Saturday, October 24, 2009

All Aboard!

I've never lived in a town without a train. When I was a child in Everett I could hear the distant whistle of the Burlington Northern as I was falling asleep on a still night. Seattle's King Street Station was my point of departure and return when I traveled with others from my high school to Cheyenne, WY for a week. I remember the fun in the lounge car and trying to walk smoothly down the aisle as we hurtled along. But mostly I remember the spectacular sunrise in the Rockies. It mesmerized me.

Years later, during Samuel's train phase, we took a family trip to Portland to see my sister Peach. Not only did we make the most of all that Amtrak had to offer -- including a magic show -- but we took a train ride through Portland's Washington Park on our zoo visit, and we went to a pumpkin patch with a train that ran around a lake on the property. It was perhaps the most exciting train ride of all that weekend, as pirates attacked a raft in the middle of the lake and an animatronic Jaws surfaced long enough to be menacing, then re-submerged.

Of course the train had stopped running through our neighborhood in Western New York a century before we moved there, but the old railroad grade was still evident, even on the family property. As the story goes, the tracks were taken up and shipped off to Europe to be used during World War I but the ship sank and the rails are now somewhere in the Atlantic! The random fruit trees along the grade were seeded by apple cores that passengers threw from the windows of their lumbering trains.

I spent much of my three years in Japan on the train, but that's another story.

Soon we will have our own train station, right here in Stanwood.
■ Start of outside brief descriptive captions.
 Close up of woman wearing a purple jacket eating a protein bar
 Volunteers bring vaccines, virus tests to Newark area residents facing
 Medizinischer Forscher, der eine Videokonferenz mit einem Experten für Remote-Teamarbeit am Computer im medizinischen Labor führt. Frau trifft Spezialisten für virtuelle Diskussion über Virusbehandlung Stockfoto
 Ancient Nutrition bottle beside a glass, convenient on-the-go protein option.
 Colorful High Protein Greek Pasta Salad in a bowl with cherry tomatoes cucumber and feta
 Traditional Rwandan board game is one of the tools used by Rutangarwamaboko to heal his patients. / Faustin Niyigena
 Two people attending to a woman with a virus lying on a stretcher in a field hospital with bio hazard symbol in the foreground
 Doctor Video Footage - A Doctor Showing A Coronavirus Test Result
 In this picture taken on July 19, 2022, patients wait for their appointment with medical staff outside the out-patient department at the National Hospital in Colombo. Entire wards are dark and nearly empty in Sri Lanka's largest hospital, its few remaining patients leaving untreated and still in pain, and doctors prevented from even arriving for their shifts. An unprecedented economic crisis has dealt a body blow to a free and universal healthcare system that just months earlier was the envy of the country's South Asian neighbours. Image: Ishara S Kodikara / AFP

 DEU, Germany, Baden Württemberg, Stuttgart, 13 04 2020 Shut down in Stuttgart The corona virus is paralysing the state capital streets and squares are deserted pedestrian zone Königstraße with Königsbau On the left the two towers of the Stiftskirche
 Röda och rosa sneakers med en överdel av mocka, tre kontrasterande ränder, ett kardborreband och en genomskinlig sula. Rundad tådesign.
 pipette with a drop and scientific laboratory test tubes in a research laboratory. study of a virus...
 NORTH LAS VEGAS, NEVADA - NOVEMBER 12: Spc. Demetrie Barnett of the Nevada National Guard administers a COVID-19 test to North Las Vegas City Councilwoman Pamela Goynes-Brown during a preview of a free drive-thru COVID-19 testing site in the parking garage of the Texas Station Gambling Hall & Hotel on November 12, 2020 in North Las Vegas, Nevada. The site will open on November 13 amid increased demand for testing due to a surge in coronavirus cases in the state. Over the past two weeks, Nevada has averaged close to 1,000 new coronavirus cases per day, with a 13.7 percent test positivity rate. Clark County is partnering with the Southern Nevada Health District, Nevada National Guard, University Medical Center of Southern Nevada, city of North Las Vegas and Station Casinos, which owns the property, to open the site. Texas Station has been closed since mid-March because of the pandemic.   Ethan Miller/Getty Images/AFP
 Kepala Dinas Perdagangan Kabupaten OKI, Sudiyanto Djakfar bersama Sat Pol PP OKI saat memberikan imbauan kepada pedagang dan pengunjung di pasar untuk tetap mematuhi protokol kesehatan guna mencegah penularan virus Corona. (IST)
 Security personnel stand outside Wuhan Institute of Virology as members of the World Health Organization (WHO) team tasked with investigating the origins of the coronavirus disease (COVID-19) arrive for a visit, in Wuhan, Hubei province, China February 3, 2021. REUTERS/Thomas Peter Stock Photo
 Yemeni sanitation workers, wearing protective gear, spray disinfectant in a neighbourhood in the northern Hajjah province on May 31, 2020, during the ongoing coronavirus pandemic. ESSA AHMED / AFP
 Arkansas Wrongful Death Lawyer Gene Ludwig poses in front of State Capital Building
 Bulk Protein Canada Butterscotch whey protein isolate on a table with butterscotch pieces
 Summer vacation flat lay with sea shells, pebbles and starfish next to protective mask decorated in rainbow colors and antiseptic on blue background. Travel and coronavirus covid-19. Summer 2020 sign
I'm imaging Peter, Susan, Lucy and Edmund sitting on the bench, heading off to Narnia. More likely it will be commuters, grateful to catch a few extra ZZZZs on their way to work, and folks off to Seattle to shop or see a Seahawks game. The late night train whistles that put me to sleep these days will take on new meaning for me as I realize that the station, just down the hill from us, is making life more accessible for us and our neighbors.

1 comment:

Brian Bundridge said...

Hi Ginger,

Great post! There are talks about restoring the old Amtrak Pioneer which would go to Cheyanne, Wy once again. There are also talks about restoring the North Coast Hiawatha via Stampede Pass. While you would have to travel to Seattle to get either of these hopeful future trains, it is good to see that we may have more options here!

The state has funding available for a third Seattle - Vancouver, BC trip effective in January 2010. I don't think it will actually run to Vancouver, BC however until after the Olympics and if the dispute between the Canadian Border Services and Amtrak can be resolved.